I am trying the answer suggested in this question: Test whether a glob has any matches in bash

if test -n "$(find . -maxdepth 1 -name 'glob*' -print -quit)"
then
    echo found
else
    echo not found
fi

However, I am doing this in a script with variables.

#!/bin/sh
directory=~/nd
glob="*12*.idx"
cd $directory
if test -n "$(find . -maxdepth 1 -name \"$glob\" -print -quit)"
then
    echo found
else
    echo not found
fi

Running the script gives me:

not found

But running the command myself

find . -maxdepth 1 -name "*12*.idx" -print -quit

gives me a result

./notes_archive_2012.idx

Is this a quoting issue?

Answer 1

Yes, it is a quoting issue. The quotes should not be escaped inside $(...). Consider:

test -n "$(find . -maxdepth 1 -name \"$glob\" -print -quit)" # Wrong

In the above form, the argument to -name that find sees starts and ends with a literal double-quote. It would only match file names if the file names themselves began and ended with double-quotes.

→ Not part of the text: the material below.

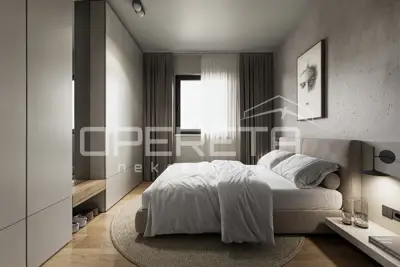 Prodaja, Stan, Mlinovi, Mlinovi, 4s, 108 m² - 5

The following does what you want:

test -n "$(find . -maxdepth 1 -name "$glob" -print -quit)" # Right

From man bash:

When using the $(command) form, all characters between the parentheses make up the command; none are treated specially.

In other words, if you want a double-quote in a command inside $(...), just use a double-quote. The command inside $(...) should be written just as if it was entered on the command line by itself.

Answer 2

You can do this without an external command. One way is to abuse the for loop a bit:

# Use the loop as a context for expanding the glob, not actually iterating
# over the results.
for f in $glob; do
    if [[ -f "$f" ]]; then
        echo found
    else
        echo not found
    fi
    break
done

You can also use an array:

files=( $glob )
if [[ -f "${files[0]}" ]]; then
    echo found
else
    echo not found
fi

Answer 3

find works for local files that exist but not for remote files or any other time the file doesn't exist locally. Sometimes you want to check for an arbitrary match and the pattern is in a string.

bash supports [[ "$string" == shellmatch* ]] and [[ "$string" =~ ^regexmatch.* ]] but does not support any form of [[ "$string" == "$shellmatch" ]] where the match parameter is a string. I haven't found any way to trick bash into treating a string short of writing out a new shell script properly formatted and I'm not convinced spaces or ]]brackets would be correctly supported.

At Rich’s sh (POSIX shell) tricks is a one liner that works with most POSIX shells using no more than case and some clever quoting. Tested to work with bash, sh. Tested to NOT work with zsh.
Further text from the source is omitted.